I have been working on research problems at the cutting edge in Quantum Optics . In particular, I have focused on Heisenberg limited measurements with entangled light . This is a subject which is currently of great interest as it can lead not only to new fundamental results but also to new types of sensors working at quantum level.
The field of quantum limited measurements in quantum optics is at the threshold of a major technological breakthrough with potentially many applications in ultra-sensitive measurements. Utilizing the strong, unusual correlation properties of entangled light sources one can design interferometers that can detect phase shifts beyond the so-called quantum noise limit , which according to semi-classical theory is the ultimate lower noise level for optical measurements.

Quantum Imaging and Sensing Using Coherent Beam Stimulated Parametric Down-conversion

The process of spontaneous parametric down conversion has been a work horse for the last two decades in understanding a variety of issues in quantum physics and in applications in the field of imaging. In particular one question of great importance is the issue of the resolution in imaging and this is still being addressed [L. A. Gatti et al Phys. Rev. A 70 013802 (2004); B. I. Erkmen, and J. H. Shapiro, quant-ph/0612070v1]. Dowling and coworkers proposed [A. N. Boto et al Phys. Rev. Lett. 85, 2733 (2000)] a very new idea to improve the sensitivity of resolution by using detectors that work on two photon absorption and by using special class of states called NOON states.

It is easy to produce NOON states experimentally with two photons by using a very low gain parametric down converter. In this case the resolution is improved by a factor of two.
However the probability of two photon absorption is very low and, as I learnt, several laboratories are working on materials which would have high efficiency for two photon absorption. Some years ago  Boyd’s group [G. S. Agarwal et al Phys. Rev. Lett. 86, 1389, (2001)] examined Dowling et al’s proposal for the case of down conversion with high gain and found that one indeed has a resolution improvement by a factor two however the visibility goes down to 20% as the down converter saturates [G. S. Agarwal et al J. Opt. Soc. Am. B, 24, 270 (2007)]. Clearly we need to find methods that can remove the handicap of having to work with smaller visibilities.

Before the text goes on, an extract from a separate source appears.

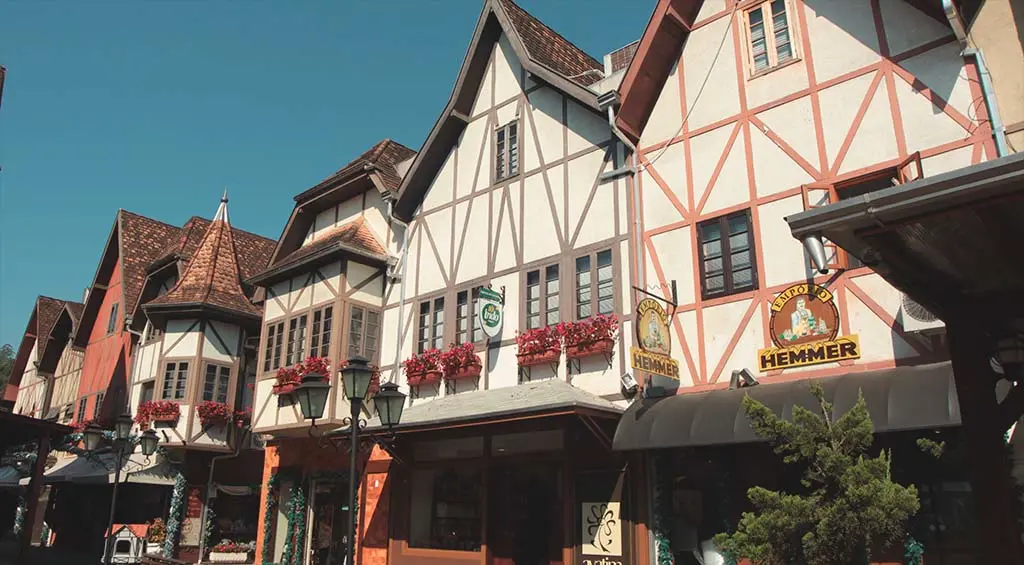 4. Dia 24 de Julho de 1997: O Resgate Turístico da Arquitetura Enxaimel. - Blumenau em Foco Portal de Notícias de Blumenau/SC.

We propose a new idea using stimulated parametric processes along with spontaneous ones to produce resolution improvement while at the same time maintaining high visibility at large gains of the parametric process. We use coherent beams at the signal and the idler frequencies. We further find that the phases of coherent fields can also be used as tuning knobs to control the visibility of the pattern. We believe that the use of stimulated processes along with spontaneous ones would change our landscape as far as fields of imaging and quantum sensors are concerned.


FIG1.: Using an input from non-degenerate stimulated parametric down-conversion for the determination of phase via photon-photon correlations.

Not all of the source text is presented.